_DATA SHOWN_
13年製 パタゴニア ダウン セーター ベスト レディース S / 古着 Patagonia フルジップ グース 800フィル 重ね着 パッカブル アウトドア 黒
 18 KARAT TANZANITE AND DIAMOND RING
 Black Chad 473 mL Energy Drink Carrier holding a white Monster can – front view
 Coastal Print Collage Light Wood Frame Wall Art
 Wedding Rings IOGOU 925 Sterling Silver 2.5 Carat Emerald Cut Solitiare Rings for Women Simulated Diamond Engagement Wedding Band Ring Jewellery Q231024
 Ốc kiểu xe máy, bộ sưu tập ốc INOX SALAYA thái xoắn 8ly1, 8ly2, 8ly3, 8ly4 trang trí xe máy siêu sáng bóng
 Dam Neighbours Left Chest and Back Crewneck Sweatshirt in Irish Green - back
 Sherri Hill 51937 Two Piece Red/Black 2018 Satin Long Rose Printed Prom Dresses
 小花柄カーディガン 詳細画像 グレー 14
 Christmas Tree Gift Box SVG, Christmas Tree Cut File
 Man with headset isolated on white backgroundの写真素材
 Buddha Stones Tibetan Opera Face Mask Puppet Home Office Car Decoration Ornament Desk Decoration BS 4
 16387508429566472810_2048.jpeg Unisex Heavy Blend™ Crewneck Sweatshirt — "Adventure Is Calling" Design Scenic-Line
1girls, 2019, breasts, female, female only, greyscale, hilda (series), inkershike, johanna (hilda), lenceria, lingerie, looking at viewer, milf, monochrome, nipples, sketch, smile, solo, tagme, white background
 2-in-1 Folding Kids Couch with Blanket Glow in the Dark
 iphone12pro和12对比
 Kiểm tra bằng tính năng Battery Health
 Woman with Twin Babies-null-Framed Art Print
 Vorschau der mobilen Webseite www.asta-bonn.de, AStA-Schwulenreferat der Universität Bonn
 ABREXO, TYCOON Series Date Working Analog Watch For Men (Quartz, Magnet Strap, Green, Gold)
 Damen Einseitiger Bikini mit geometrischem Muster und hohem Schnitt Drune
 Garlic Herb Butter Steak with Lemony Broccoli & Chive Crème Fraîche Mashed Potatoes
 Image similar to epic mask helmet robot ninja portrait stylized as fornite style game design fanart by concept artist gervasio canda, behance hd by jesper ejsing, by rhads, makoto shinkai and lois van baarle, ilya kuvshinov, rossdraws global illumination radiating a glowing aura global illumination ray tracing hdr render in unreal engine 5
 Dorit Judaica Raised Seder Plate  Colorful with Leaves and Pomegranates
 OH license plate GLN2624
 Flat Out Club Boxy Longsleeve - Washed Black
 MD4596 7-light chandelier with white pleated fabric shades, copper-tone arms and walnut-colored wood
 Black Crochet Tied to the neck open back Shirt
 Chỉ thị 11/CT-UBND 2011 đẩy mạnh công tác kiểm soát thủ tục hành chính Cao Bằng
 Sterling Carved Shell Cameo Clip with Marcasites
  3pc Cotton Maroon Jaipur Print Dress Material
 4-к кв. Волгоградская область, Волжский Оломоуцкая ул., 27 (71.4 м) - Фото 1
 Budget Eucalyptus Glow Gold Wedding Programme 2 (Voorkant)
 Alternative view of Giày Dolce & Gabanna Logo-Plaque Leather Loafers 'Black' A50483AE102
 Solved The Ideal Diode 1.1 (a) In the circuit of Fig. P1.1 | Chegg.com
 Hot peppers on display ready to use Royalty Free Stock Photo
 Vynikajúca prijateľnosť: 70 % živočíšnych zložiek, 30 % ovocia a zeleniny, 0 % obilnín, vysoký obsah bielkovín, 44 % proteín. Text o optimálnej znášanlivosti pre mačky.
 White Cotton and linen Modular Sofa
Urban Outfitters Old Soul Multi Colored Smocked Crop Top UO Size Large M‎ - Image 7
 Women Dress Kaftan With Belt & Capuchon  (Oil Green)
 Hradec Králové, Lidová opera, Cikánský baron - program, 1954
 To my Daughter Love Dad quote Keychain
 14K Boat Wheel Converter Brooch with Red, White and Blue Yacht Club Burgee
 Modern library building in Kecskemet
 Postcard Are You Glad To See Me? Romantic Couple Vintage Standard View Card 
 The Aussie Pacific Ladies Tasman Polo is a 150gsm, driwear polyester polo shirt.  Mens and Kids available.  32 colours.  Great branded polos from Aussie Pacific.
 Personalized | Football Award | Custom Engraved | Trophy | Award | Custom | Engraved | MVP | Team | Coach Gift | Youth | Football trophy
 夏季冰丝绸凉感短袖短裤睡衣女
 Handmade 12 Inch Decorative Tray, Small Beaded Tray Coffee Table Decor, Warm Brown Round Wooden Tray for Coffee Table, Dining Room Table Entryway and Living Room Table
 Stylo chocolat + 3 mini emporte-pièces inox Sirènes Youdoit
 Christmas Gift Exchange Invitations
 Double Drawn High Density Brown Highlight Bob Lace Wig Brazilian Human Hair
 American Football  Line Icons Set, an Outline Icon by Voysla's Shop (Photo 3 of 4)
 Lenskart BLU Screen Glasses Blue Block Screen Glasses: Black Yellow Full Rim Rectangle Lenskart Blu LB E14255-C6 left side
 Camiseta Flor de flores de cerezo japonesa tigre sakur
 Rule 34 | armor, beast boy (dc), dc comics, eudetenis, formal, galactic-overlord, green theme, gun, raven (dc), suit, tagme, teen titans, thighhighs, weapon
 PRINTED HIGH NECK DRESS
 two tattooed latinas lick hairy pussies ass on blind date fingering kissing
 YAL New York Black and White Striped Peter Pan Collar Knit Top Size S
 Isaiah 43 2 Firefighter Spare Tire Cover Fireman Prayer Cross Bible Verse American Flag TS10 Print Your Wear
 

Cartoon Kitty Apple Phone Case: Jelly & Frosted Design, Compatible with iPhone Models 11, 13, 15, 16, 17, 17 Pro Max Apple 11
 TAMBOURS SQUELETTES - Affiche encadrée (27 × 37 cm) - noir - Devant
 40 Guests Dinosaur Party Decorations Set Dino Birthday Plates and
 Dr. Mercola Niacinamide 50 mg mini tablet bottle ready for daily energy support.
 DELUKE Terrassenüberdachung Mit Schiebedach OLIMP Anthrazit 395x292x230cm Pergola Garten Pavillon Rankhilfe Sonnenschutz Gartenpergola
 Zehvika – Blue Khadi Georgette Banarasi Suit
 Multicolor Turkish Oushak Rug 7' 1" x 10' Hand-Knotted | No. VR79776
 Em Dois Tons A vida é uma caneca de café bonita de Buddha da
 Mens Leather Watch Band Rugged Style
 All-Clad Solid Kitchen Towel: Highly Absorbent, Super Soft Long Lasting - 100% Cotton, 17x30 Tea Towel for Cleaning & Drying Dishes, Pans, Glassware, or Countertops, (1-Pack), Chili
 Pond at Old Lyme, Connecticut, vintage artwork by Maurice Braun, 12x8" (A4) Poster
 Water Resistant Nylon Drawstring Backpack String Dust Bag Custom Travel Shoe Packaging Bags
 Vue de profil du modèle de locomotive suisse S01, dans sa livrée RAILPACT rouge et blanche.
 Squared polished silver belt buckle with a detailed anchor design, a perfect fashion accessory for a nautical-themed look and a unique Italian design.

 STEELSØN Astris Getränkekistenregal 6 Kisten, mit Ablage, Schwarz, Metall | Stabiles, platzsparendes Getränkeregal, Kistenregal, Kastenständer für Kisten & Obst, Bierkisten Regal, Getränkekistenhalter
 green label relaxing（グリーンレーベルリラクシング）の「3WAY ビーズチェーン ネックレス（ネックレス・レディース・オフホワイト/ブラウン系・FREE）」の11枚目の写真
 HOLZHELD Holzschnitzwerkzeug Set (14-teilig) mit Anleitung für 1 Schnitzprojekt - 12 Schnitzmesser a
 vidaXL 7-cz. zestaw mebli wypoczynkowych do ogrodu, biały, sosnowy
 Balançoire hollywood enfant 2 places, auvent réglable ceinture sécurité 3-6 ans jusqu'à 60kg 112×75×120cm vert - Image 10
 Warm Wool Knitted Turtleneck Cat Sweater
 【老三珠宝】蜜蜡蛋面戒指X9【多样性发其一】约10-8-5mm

_EXERCISE AIM_
Copy out only the lines of the records above from the one with "MD4596 7-light chandelier" through the one with "4-к кв. Волгоградская", exactly as they stand, both included.

_ANSWER SPACE_
 MD4596 7-light chandelier with white pleated fabric shades, copper-tone arms and walnut-colored wood
 Black Crochet Tied to the neck open back Shirt
 Chỉ thị 11/CT-UBND 2011 đẩy mạnh công tác kiểm soát thủ tục hành chính Cao Bằng
 Sterling Carved Shell Cameo Clip with Marcasites
  3pc Cotton Maroon Jaipur Print Dress Material
 4-к кв. Волгоградская область, Волжский Оломоуцкая ул., 27 (71.4 м) - Фото 1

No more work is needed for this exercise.